Chaban, B.L., Albert, A., Links, M.G., Gardy, J., Tang, P., et Hill, J.E. (2013). « Characterization of the Upper Respiratory Tract Microbiomes of Patients with Pandemic H1N1 Influenza. », PLoS ONE, 8(7), p. e69559. doi : 10.1371/journal.pone.0069559  Accès au texte intégral (en anglais seulement)

Résumé

Le microbiome des voies respiratoires supérieures joue un rôle important dans la santé respiratoire. L’influenza A est une infection virale courante qui altère la santé des voies respiratoires et qui peut engendrer une pneumonie bactérienne. Étant donné le lien entre ces deux maladies, nous avons voulu caractériser le microbiote des voies respiratoires supérieures des personnes touchées par la pandémie d’influenza A H1N1 en 2009 et voir s’il y avait une corrélation entre le profil du microbiome et les caractéristiques des patients. Nous avons utilisé l’amplification au moyen de la cible universelle cpn60 et le séquençage pour déterminer le profil microbien de 65 échantillons prélevés chez des patients atteints du virus H1N1. Nous avons analysé les profils microbiens des échantillons en fonction des phylums et des plus proches voisins. Les caractéristiques des patients que nous avons utilisées étaient les suivantes : sexe, âge, autorité sanitaire à l’origine du prélèvement, type d’échantillon et mention (STAT/non-STAT). Sur le plan du phylum, nous avons vu des microbiomes dominés par des actinobactéries, des firmicutes et des protéobactéries, sans qu’aucune des caractéristiques des patients ne semble influer de manière significative sur la composition des profils.
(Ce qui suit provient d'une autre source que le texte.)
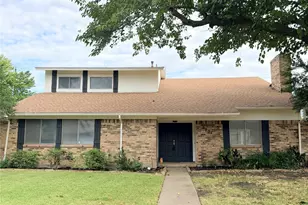 3837 Shadycreek Dr, Garland, TX 75042 - Photo 1
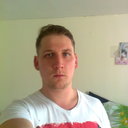 keith william eley - @keefeley - Twitter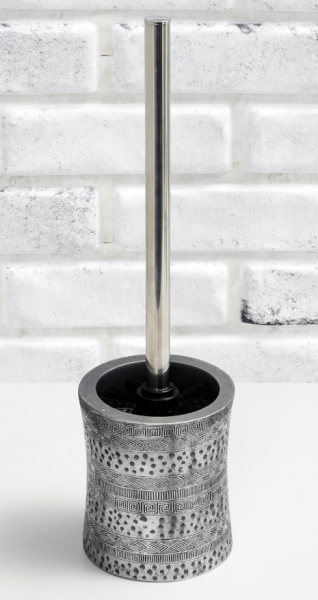 Фото ершик wasserkraft salm k-7627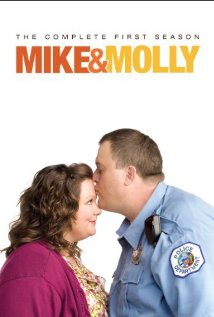 Mike e Molly
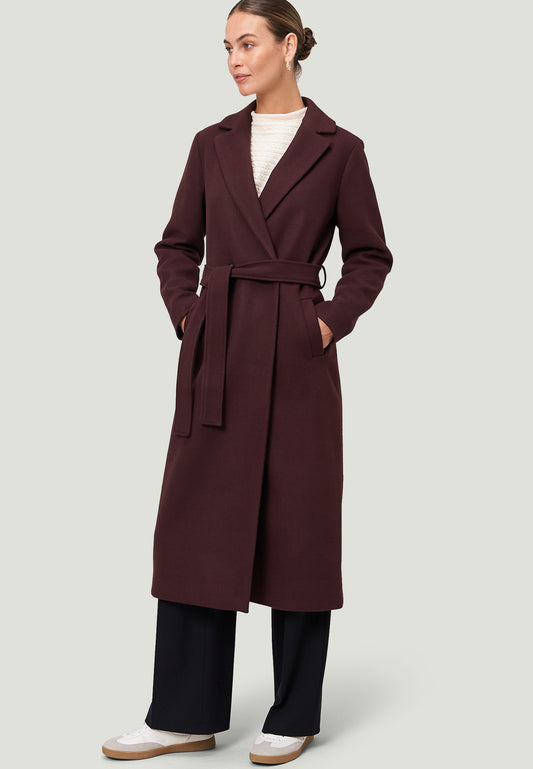 zero Outdoor - 1010003484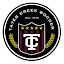 TatesCreekMenSoccer Booster (Owner)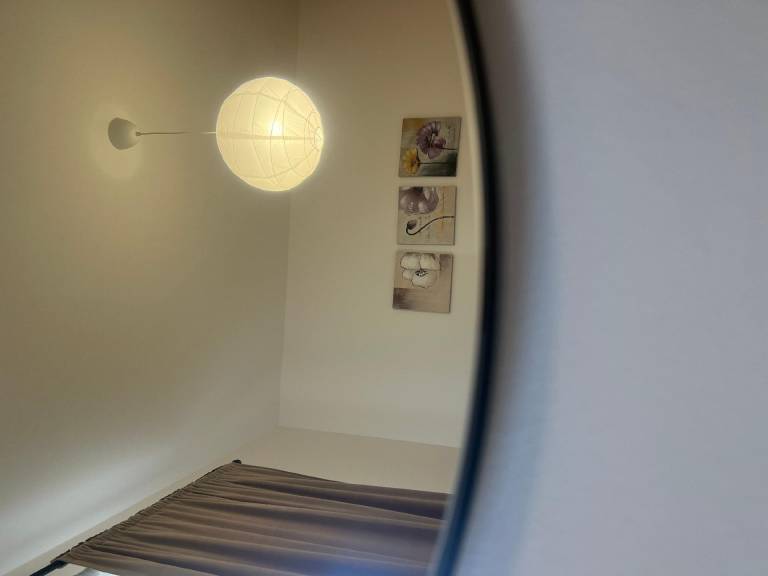 foto22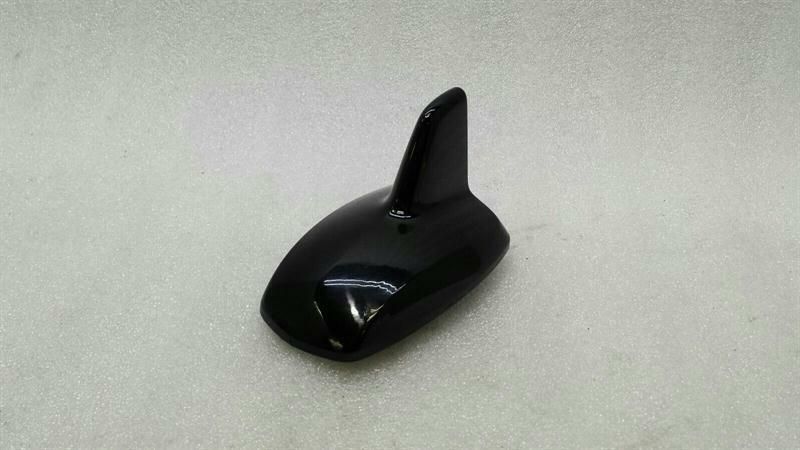 Mercedes CLS W218 W212 Aerial / Antenna A2128201775 Antenna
Sur le plan des plus proches voisins, les microbiomes observés étaient composés de 13 à 20 « espèces » et avaient tendance à être plus diversifiés avec l’âge des patients. Il est intéressant de noter que sur le plan individuel, le microbiote de la plupart des patients était dominé par un, deux ou trois organismes déterminés. Nous avons observé un nombre restreint de profils de microbiome discrets, communs à certains patients qui étaient indépendants des caractéristiques de ces patients. Pour évaluer la validité des analyses issues de l’abondance des séquences, nous avons déterminé la quantité de plusieurs espèces de bactéries par PCR quantitative et l’avons comparée au nombre de lectures de cpn60 obtenues dans l’étude. Cette analyse a révélé une forte corrélation positive entre l’abondance des lectures et le nombre absolu de bactéries. Notre étude est la première à examiner le microbiome des voies respiratoires supérieures avec une cible autre le gène de l’ARNr 16S et, à notre connaissance, la première étude approfondie de ce mibrobiome durant une infection virale.